Louisville NuLu and 12 Other U.S. Locations - Emmy Squared
Emmy Squared is the only Detroit Style Pizza place in the Louisville area that I know of. Hop Cat on Grinstead and Bardstown Rd also had a sort of Detroit style pizza but they are now closed. Emmy Squared hails from New York and appears to be moving west like a bunch of 19th century gold miners. I hope they are successful because I would like to see Detroit style pizza in every town in the U.S. Just like when Starbucks was quickly expanding out of Seattle and into major MSAs, even though you were in a market that could not yet get a Starbucks, local entrepreneurs were getting on the upscale coffee and cappuccino bandwagon. As they say, high-tide raises all boats. Hopefully the Emmy Squared wave will do the same for Detroit style pizza.

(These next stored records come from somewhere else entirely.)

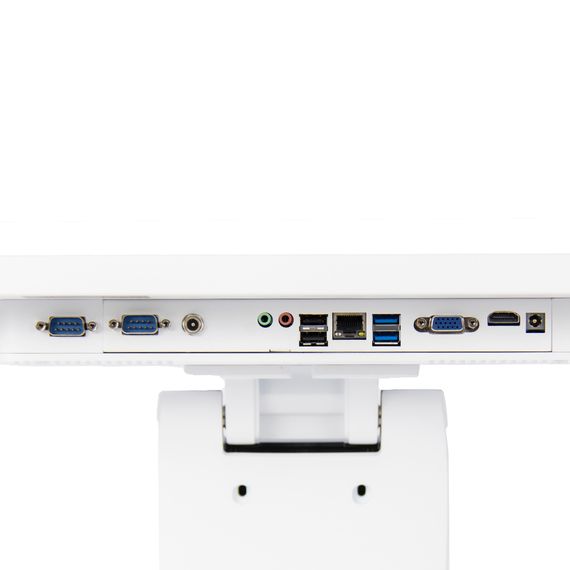 Сенсорный моноблок POScenter POS101 (15&quot;, PCAP, J3455, RAM 4Gb, SSD 64Gb, MSR) БЕЛЫЙ c Windows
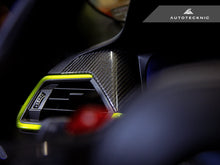 Load image into Gallery viewer, AutoTecknic Dry Carbon Air Vent Trim - BMW G87 M2 | G80 M3 | G82/ G83 M4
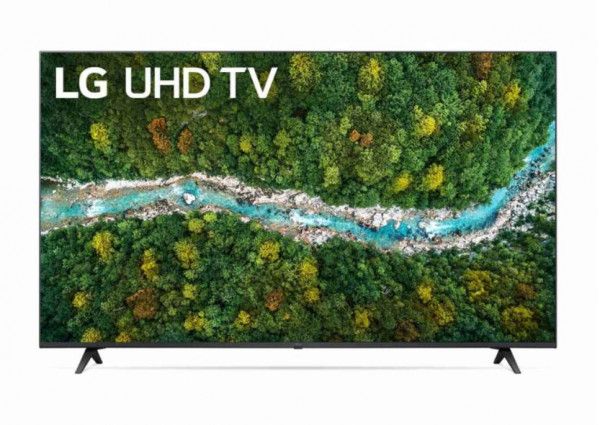 TV LG SMART LED 55'' 55UP76703LB UHD 3840x2160/WebOS/DVB-T2/C/S2/black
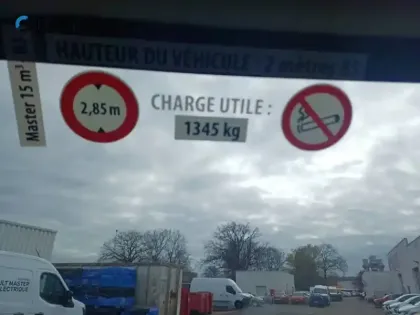 Photo 18 Renault Master  FGN TRAC F3500 L3H3 BLUE DCI 135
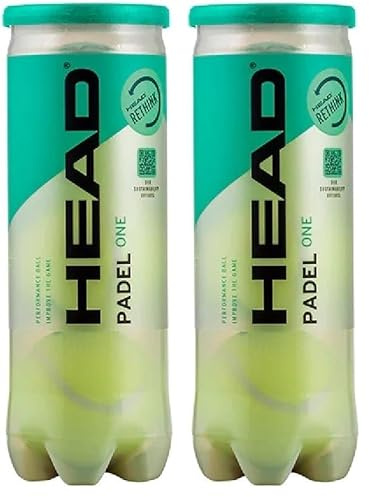 HEAD Bote Balls Padel One 575383 (Lot de 2)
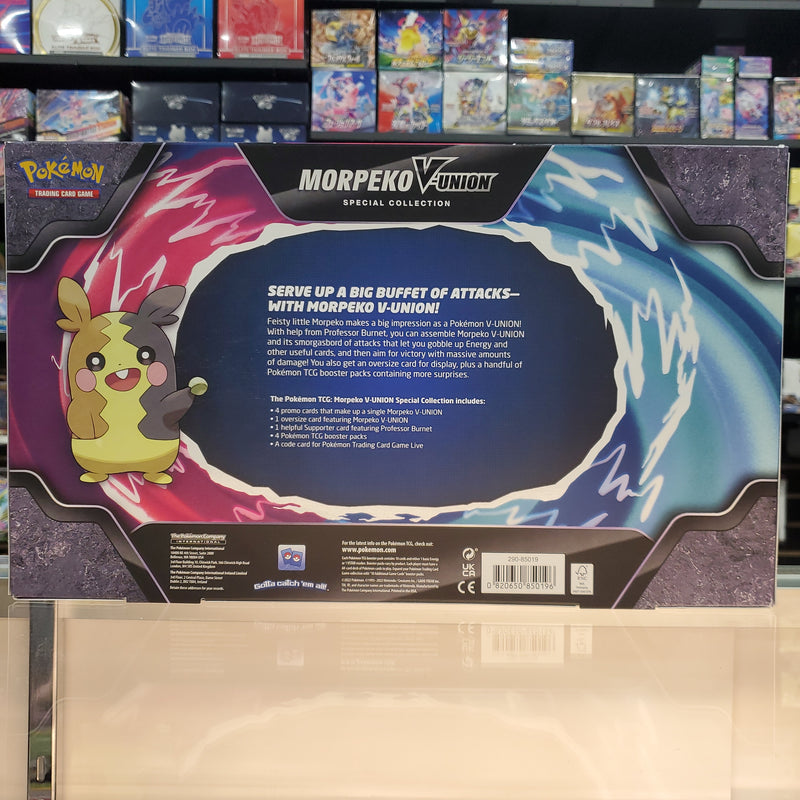 Pokémon TCG: Special Collection (Morpeko V-UNION)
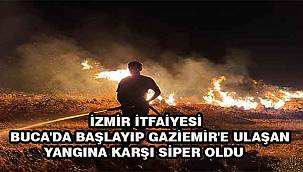 İzmir'de orman yangını! Ekipler canla başla mücadele ediyor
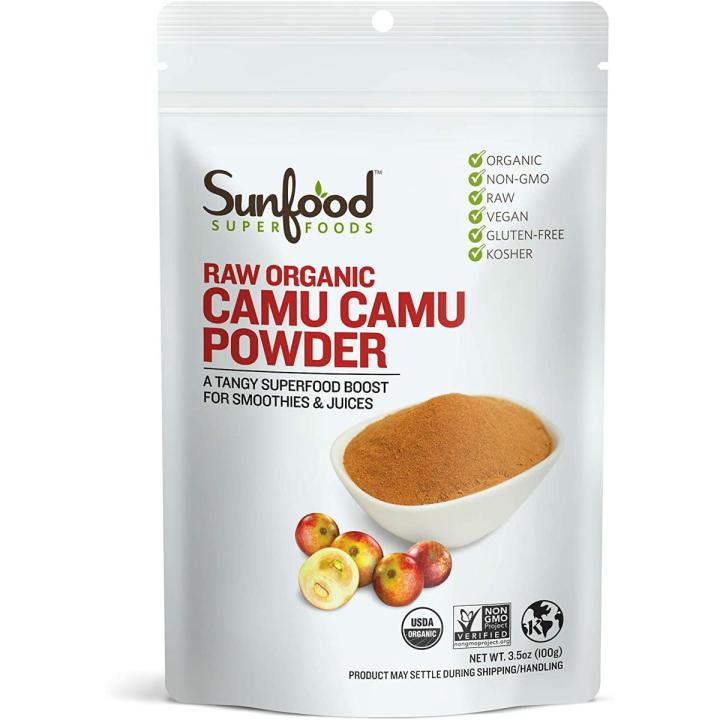 Sunfood Superfoods Camu Camu Powder 227gm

I will say that I have eaten Emmy Squared's pies a few times and their crust is nearly perfect. I only wish they would use Wisconsin Brick cheese because it would do two things: The overall flavor of their pizza would be improved by 100% and the cheese would not brown or burn so easily. Brick cheese tends to have a much higher moisture content than the usual low-moisture mozzarella shred used in most pizzerias. It might add a few cents to the price, but it would be so worth it. It is also my preference, but I think they could stand to add more sauce to their pies. Let me know what you think.

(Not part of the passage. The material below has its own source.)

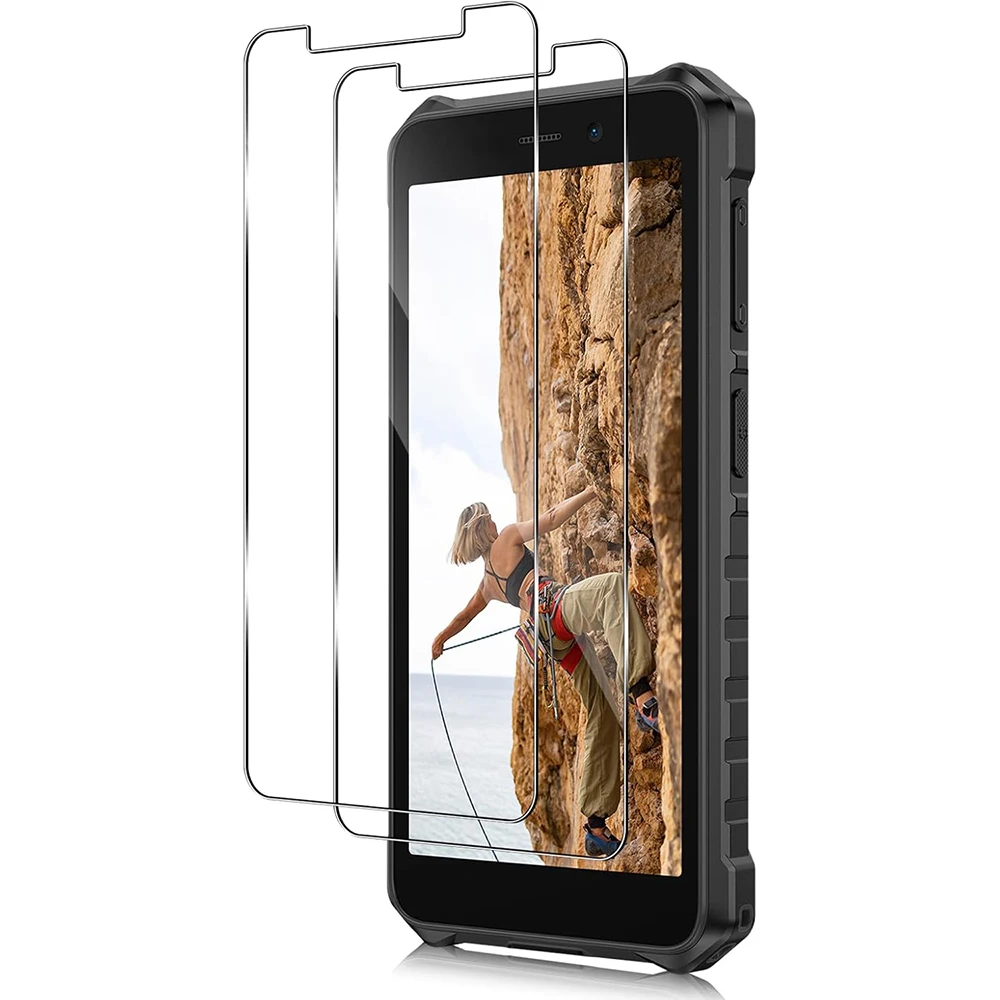 Фото Защитное стекло 2.5D 9H для Ulefone Rugking 2 Pro №1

One of the best things about the NuLu location is that the backside of the restaurant opens up to a courtyard containing a West Sixth Brewery taproom and several other eating and drinking establishments. So, you can order a pizza, grab a table, draw an excellent pint from the West Sixth beer menu and they will bring your pizza to your table (at least they did that for me last time I was there).
Austin - Via 313
In case you were wondering, 313 is the area code for Detroit proper. Detroit natives and brothers Brandon & Zane Hunt opened Via 313 in 2011 out of a single trailer in Austin. Since I dined at the Craft Pride Tap Room trailer at 61 Rainey Street, Austin, TX in Dec 2017, Via 313 is doing so well that they have added three restaurants around Austin and according to their web site, have 3 new locations planned in Utah and 3 in Texas. Now I should be able to find good Detroit Style Pizza the next time I go skiing in Utah. These guys are doing it right with creative topping combination and excellently crafted pies. Pictured above is the Omnivore - note they use plenty of sauce. I love sauce!
Denver - Blue Pan Pizza
Blue Pan has two locations in the Denver area. I have been to the one in the West Highands area at 3930 W 32nd Ave, Denver, CO 80212, a couple of times and have sent a dozen or more folks there who gave it rave reviews. Blue Pan's owner and founder is Jeff Smokevitch (aka Smoke), a former inside linebacker for University of Michigan Wolverines. Smoke is from Birmingham, MI, a suburb of Detroit and he was a teammate of Tom Brady. He knows a thing or two about Detroit Style Pizza having won several awards in the International Pizza Challenge. He also owns Brown Dog Pizzeria in Telluride, CO where he honed his pizza chops prior to opening the first Blue Pan location in Denver. The last time I spoke with Smoke, he had elevated his status to judge in the International Pizza Challenge. Things are going well as he has opened a second Blue Pan in the Congress Park area of Denver.
Pete has some serious chops as a chef. He brings his culinary skills to the Detroit Style Pizza world by creating some really innovative topping combinations. The pizza I find the most interesting is the Coney Dog Pizza consisting of thin-sliced Koegel natural casing hot dogs, real Koegel coney sauce, yellow mustard & minced onions on his pizza - the best of both worlds!